»»

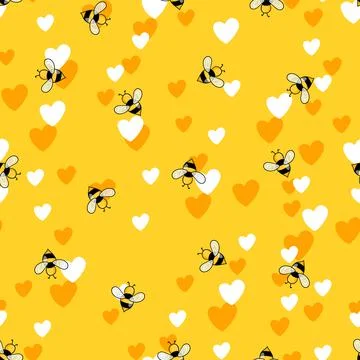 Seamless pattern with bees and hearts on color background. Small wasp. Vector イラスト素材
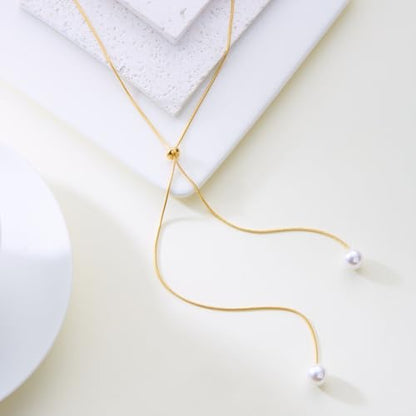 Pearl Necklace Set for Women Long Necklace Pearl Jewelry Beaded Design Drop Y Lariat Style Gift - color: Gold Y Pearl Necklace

««
»»

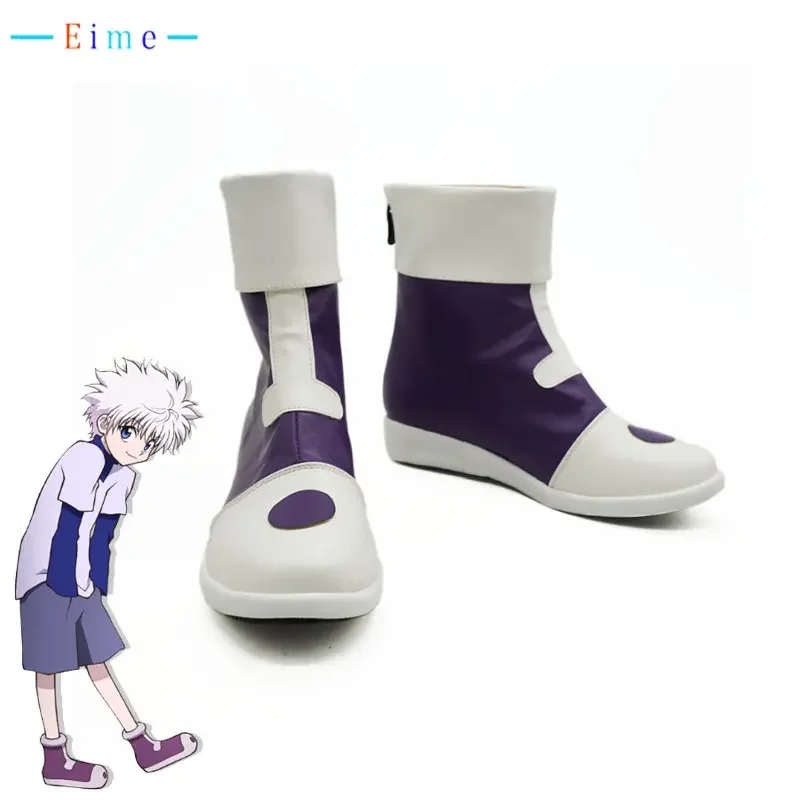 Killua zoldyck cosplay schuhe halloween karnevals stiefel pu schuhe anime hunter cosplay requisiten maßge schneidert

««
»»

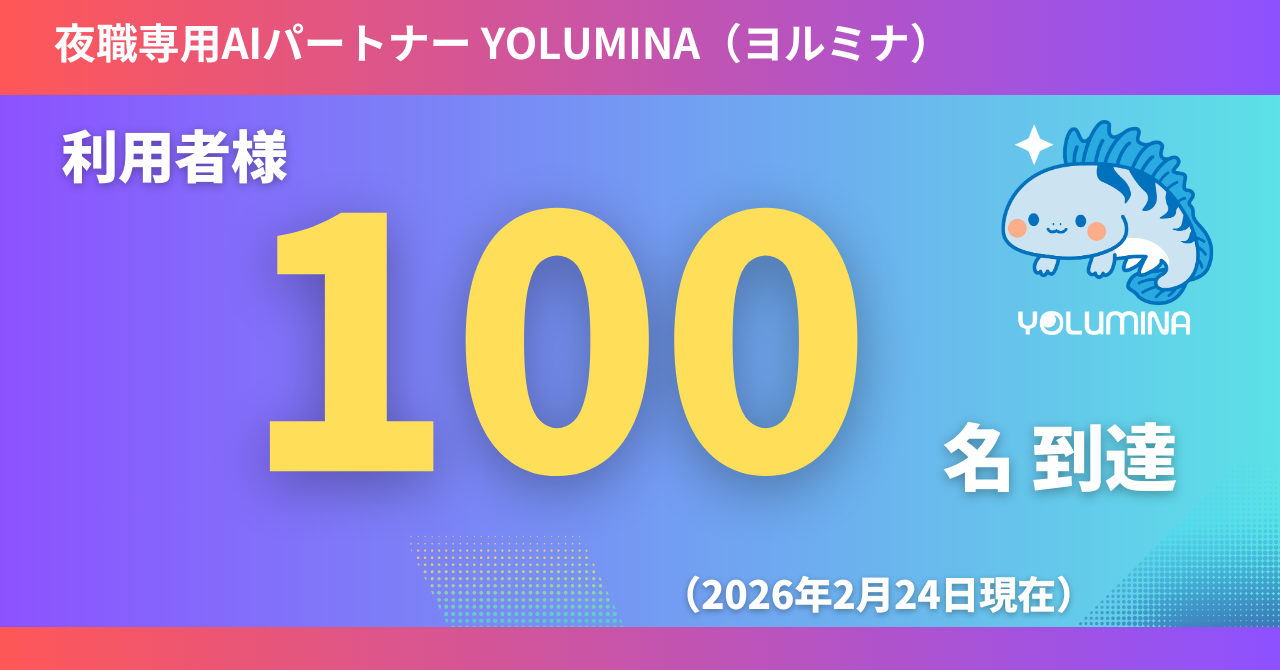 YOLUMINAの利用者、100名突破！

««

*About this task:* Starting at the line containing "Seamless pattern with" and finishing at the line containing "Pearl Necklace Set", return those lines exactly as they appear above, without the pictures.

*Answer to the exercise:*
 Seamless pattern with bees and hearts on color background. Small wasp. Vector イラスト素材
 Pearl Necklace Set for Women Long Necklace Pearl Jewelry Beaded Design Drop Y Lariat Style Gift - color: Gold Y Pearl Necklace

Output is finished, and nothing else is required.